Darwin a inclus les données dans un tableau avec une discussion détaillée. J’ai été abasourdi quand j’ai vu ce matériel. Il était également clair en un coup d’œil que Darwin ne comprenait pas ce qui était entre ses mains. Les preuves ne se limitaient pas à quelques restes ou observations relatifs aux mollusques, mais constituaient un ensemble de données complet. Certes, les coquillages ne sont pas sexy comme les tigres à dents de sabre et les mammouths laineux. Mais l’étude des mollusques était néanmoins scientifiquement solide dès les années 1830. Cela est peut-être dû, en partie, à la popularité universelle du peignage et de la collecte des plages parmi les amateurs et les scientifiques qualifiés. Nous, les humains, avons toujours été fascinés par les coquillages et aimons les ramasser, que nous trouvions les spécimens sur une plage ou dans un dépôt sédimentaire au sommet d’une montagne.

Il est à noter que l’associé de Darwin, Charles Lyell, s’est largement inspiré de cette science pour identifier les différentes époques du tertiaire. Lyell a appliqué une méthode statistique de son propre modèle, ce qui lui a permis de distinguer le pourcentage relatif de populations de mollusques survivantes par rapport aux populations éteintes. Les premières éditions de son ouvrage intitulé Principes de géologie (volume trois) comprenaient en fait une annexe de 65 pages contenant des tableaux répertoriant d’innombrables espèces de mollusques. L’innovation a été baptisée «paléontologie statistique» et, bien que l’approche se soit démodée depuis – les éditions modernes des principes sont très abrégées et ne contiennent pas les tableaux – la science actuelle doit encore beaucoup à la recherche sur la taxonomie des mollusques et la paléontologie réalisée par Lyell, d’Orbigny et bien d’autres.

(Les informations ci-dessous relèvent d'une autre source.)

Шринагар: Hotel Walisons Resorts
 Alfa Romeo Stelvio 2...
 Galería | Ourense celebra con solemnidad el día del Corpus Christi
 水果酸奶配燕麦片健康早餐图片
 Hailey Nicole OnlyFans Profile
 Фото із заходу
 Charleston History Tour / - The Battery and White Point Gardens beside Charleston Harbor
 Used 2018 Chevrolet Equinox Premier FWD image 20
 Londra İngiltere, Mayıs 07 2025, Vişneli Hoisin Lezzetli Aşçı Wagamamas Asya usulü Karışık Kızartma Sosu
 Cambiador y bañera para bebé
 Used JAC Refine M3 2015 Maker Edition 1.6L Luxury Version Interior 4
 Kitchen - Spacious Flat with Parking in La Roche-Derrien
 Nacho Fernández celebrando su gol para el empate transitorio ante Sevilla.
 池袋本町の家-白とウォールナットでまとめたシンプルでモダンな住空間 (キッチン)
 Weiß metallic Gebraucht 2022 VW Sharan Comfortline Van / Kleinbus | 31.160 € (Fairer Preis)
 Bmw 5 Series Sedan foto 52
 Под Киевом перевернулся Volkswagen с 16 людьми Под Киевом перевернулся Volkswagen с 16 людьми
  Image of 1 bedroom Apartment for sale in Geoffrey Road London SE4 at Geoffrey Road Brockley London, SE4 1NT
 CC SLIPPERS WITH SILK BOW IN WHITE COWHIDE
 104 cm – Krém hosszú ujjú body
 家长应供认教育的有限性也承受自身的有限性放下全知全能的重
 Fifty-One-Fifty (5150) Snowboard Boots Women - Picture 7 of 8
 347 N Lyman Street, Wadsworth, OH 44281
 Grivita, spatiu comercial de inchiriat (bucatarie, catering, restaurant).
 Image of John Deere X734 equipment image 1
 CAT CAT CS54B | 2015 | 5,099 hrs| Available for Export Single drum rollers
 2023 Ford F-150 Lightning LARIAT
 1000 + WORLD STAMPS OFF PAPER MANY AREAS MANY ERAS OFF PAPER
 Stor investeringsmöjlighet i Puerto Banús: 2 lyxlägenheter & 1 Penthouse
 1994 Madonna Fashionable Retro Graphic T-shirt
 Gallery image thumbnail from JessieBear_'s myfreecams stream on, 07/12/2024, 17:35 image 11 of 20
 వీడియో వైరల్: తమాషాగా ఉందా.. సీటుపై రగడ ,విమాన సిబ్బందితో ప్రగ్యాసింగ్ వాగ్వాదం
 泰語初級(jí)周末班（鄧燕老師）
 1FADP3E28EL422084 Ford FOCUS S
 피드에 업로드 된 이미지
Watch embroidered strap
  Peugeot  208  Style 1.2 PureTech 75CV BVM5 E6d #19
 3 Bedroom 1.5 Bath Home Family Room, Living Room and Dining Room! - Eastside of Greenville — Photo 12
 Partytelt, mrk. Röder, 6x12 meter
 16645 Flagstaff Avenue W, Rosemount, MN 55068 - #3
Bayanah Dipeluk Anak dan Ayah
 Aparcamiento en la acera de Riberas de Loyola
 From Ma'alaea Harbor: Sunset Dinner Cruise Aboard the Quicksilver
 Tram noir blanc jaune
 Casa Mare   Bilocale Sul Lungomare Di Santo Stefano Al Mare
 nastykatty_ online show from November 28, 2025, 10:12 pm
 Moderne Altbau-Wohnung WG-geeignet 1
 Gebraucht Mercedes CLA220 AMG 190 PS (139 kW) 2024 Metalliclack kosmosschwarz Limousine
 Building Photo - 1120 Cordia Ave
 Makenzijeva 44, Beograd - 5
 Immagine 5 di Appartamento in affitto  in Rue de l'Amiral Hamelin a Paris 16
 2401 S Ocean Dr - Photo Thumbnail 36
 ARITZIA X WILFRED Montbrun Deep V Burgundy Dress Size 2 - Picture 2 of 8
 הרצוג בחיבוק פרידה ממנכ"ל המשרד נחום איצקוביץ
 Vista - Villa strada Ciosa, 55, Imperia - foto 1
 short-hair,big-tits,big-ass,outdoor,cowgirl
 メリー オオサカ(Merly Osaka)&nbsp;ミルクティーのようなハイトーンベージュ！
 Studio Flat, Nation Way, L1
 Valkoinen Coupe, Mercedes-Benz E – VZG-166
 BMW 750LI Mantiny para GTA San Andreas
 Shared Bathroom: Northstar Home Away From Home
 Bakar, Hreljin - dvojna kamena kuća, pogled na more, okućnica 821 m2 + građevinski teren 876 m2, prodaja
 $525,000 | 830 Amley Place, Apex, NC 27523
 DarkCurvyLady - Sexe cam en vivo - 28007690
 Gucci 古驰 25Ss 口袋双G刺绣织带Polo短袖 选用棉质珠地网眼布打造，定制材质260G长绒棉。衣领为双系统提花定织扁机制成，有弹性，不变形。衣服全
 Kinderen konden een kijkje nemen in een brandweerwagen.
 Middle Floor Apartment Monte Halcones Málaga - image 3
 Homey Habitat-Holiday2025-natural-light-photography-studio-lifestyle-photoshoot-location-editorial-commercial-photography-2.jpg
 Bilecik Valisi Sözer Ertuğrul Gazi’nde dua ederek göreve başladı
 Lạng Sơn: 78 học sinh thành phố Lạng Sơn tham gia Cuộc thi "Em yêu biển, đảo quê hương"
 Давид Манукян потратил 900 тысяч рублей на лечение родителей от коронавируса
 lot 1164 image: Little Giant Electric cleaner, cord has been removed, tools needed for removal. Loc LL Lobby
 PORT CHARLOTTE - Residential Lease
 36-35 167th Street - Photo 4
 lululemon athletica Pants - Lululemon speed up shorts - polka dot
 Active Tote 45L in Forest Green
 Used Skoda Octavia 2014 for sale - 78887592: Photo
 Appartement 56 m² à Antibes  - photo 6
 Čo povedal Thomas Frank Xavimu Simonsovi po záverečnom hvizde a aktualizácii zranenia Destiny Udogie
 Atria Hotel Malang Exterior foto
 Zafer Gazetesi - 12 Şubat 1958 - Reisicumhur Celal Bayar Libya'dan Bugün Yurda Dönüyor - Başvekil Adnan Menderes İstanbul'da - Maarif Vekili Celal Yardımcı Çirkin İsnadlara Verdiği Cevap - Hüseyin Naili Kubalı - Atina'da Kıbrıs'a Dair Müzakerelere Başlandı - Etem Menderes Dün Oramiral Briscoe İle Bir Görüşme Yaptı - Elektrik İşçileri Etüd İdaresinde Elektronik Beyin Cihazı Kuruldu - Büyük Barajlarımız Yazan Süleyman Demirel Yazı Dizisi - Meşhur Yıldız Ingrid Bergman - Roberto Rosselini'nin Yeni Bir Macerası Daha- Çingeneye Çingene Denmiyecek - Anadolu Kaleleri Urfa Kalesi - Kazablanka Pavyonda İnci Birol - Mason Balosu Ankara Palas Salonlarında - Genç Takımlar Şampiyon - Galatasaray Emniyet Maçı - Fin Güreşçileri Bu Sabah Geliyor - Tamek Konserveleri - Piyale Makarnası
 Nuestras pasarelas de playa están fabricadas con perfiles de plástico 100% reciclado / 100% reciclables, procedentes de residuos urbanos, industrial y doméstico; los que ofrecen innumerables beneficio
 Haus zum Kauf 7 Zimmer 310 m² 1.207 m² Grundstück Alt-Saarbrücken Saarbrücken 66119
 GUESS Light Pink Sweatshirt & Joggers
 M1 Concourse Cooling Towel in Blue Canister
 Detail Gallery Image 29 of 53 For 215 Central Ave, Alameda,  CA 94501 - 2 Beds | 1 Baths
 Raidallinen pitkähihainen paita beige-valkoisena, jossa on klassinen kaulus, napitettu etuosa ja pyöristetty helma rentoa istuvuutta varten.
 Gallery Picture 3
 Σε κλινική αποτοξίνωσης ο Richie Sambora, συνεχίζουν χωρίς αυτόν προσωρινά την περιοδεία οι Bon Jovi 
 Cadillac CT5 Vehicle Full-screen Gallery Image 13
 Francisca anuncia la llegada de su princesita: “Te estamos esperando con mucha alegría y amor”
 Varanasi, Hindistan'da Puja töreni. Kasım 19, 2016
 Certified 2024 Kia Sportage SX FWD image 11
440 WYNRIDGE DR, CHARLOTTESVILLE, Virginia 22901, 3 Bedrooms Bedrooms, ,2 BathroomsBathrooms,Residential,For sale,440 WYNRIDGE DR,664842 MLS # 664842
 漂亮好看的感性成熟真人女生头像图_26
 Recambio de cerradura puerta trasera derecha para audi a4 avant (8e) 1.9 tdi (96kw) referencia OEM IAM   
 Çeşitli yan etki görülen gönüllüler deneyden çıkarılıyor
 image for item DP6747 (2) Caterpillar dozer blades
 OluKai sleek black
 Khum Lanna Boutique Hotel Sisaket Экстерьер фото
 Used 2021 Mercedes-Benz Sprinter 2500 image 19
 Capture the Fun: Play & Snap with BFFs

Mon enthousiasme grandissait alors que j’étudiais la table dans le livre de Darwin et dévorais avidement sa discussion. Les faits de base sont faciles à résumer. Les mollusques ont tendance à vivre dans des communautés (le jargon technique habituel est «assemblages fauniques») et les gisements de fossiles de ces communautés se trouvent parfois dans un état de conservation vierge. De telles découvertes sont rares car les vagues sont un puissant destructeur de coquillages. Heureusement, en raison du soulèvement andin que Darwin décrit également dans ses livres, un certain nombre de ces anciens lits de faune ont été découverts en parfait état. À plusieurs reprises, Darwin lui-même a retrouvé d’anciennes plages qui avaient été surélevées jusqu’à mille pieds au-dessus du rivage actuel.

J’ai inclus un fac-similé du tableau d’origine avec toutes les données pertinentes. Il résume les efforts conjoints d’Orbigny et d’un autre collectionneur bien connu, Hugh Cuming, qui avaient recueilli des spécimens de 79 espèces différentes du Pléistocène récent sur deux sites principaux de la côte chilienne: Coquimbo (30 degrés de latitude sud) et Navidad. (34 degrés de latitude sud). Bien que beaucoup de spécimens appartenaient à des espèces disparues, la collection comprenait 12 genres vivants énumérés dans le tableau. Les deux colonnes à droite indiquent la latitude à laquelle les spécimens ont été collectés et la latitude la plus méridionale à laquelle les genres peuvent encore être trouvés. 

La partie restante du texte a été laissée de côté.